El autor de “El extranjero”, que padecía tuberculosis, solía decir: “Morimos a los cincuenta años de una bala de nostalgia que nos disparamos al corazón a los veinte”.
En primer lugar, el absurdo: Camus murió en un accidente automovilístico a la edad de 47 años…
Pero hay algo en esta enunciación, en la oscura noche del alma de estas palabras: “…una bala de nostalgia que nos disparamos al corazón a los veinte”.
Lo sé, lo puedo intuir. Hay algo ahí.
Quizá sólo sea mi edad, la declinación de los sueños, el deterioro inevitable de los cuerpos (no me importa tanto el mío, pero observar la decadencia de los otros, en los que se esmeraron tanto, es… simplemente incomprensible).
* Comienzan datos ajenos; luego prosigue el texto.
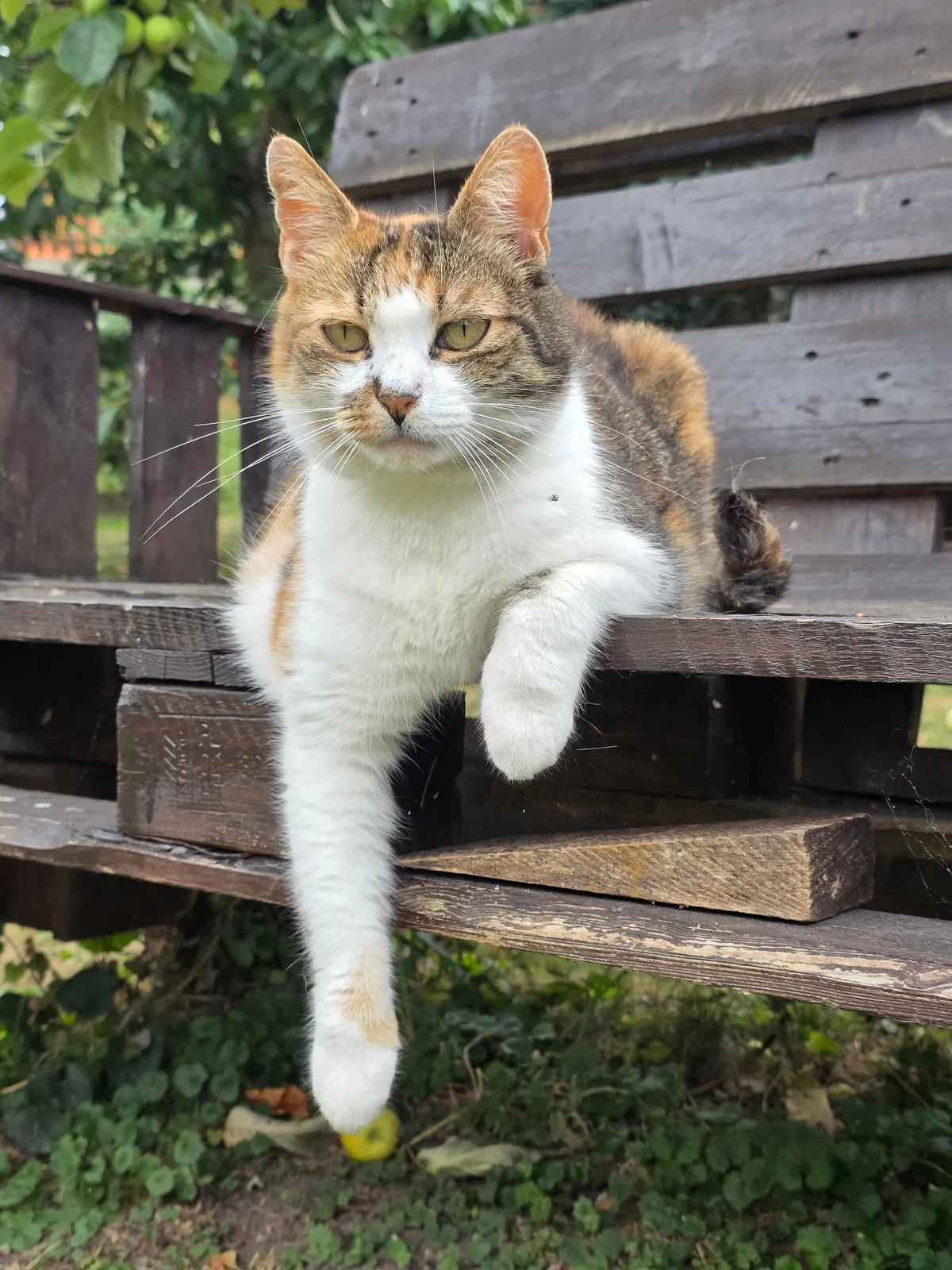 My best friend went missing 9 days ago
La mente falla, los nervios son una tormenta eléctrica, los huesos truenan, la dignidad vacila, la honestidad se tambalea ante el duro encono de las circunstancias y, transformado en angustia, el sentido de seguridad cobra cara su cordura.
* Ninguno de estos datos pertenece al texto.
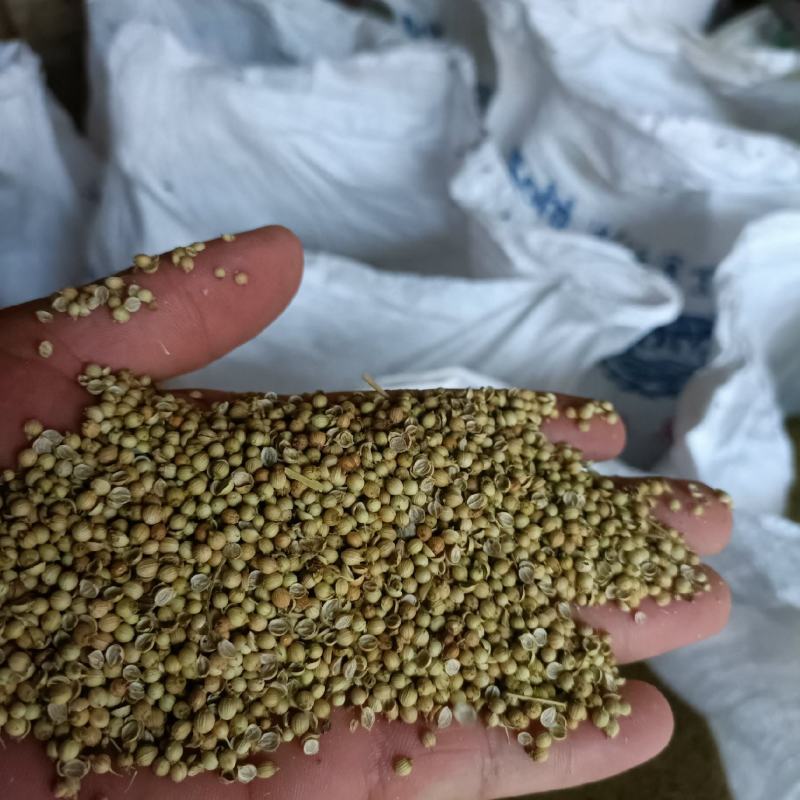 香菜种子！铁杆青香菜种子！中叶香菜种子培育基地！大叶香菜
Me pregunto, ¿cómo se alojó esa bala en nuestro corazón?
Quizá sólo fue el disparo que no quisimos oír cuando el primer gran amor de nuestra vida jalaba el gatillo y nos abandonaba para hacer su vida feliz…
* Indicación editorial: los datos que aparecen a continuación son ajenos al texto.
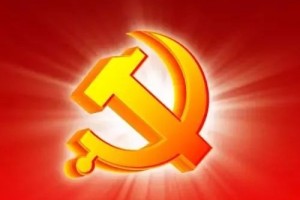 党支部、党小组、党委、党工委、党组……这些概念你都清楚吗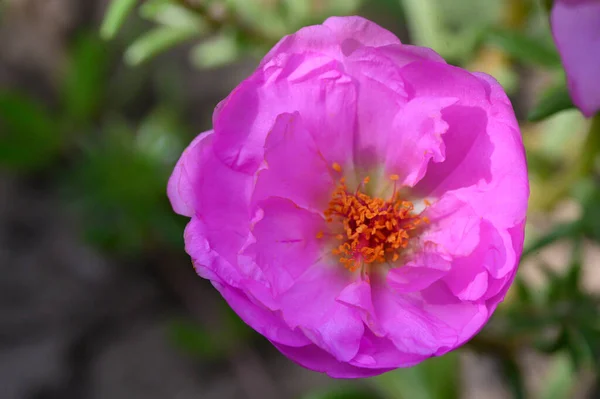 庭のピンクの花をよく見ると — ストック写真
Quizá sólo fue el estruendo sordo de ver cómo las ilusiones se nos derrumbaban porque la vida era otra cosa, más cercana al dolor, a la desesperación, al sacrificio…
Quizá fue sólo nuestro cumplimiento de víctimas y verdugos, el rol que la sociedad moderna nos obsequiaba como una expresión de bienestar político.
Quizá sólo fue la novela verídica que nos contamos como amigos o como amantes, mientras la lluvia, bajo la luz de los faroles, barría las calles de la ciudad.
Quizá fue sólo el contrasentido de ir hacia la creencia con un hacha de consuelo y desesperación…
¿Qué diablos puede saber uno?
Quizá el sermón, el discurso del locutor, el fingido saber del profesor, la tara resuelta del vendedor en turno, la engañosa virtud del que sabe ofertar su aprendizaje, los relojes de Berlín, la novia náutica, la pared de bronce, la liga perdida en la paz, el pez jícama, el nombre escarlata de todo amor, Francia en natación, la mina portuguesa, las pantorrillas de Miguel Ángel, la encía en el sillón, tres gatos persas, lo pobre y lo terrible, la fábula perfectible de lo irreal, un piano de gelatina, la calidad extraordinaria de un abrazo, los sueños inmóviles de los mudos, la rana en clase, Camus pensando en Lorca…
Quizá sólo fue eso, la navegación desenfadada e irresponsable en medio de la neblinosa y sombría ruta al inframundo (el Hades de nuestra realidad, la cual nos negamos a entender y, lo que es peor, a atender).
Decía John Donne, y lo decía muy bien: “La muerte de cualquier hombre me disminuye, porque yo formo parte de la humanidad; por tanto, nunca mandes a nadie a preguntar por quién doblan las campanas: doblan por ti”.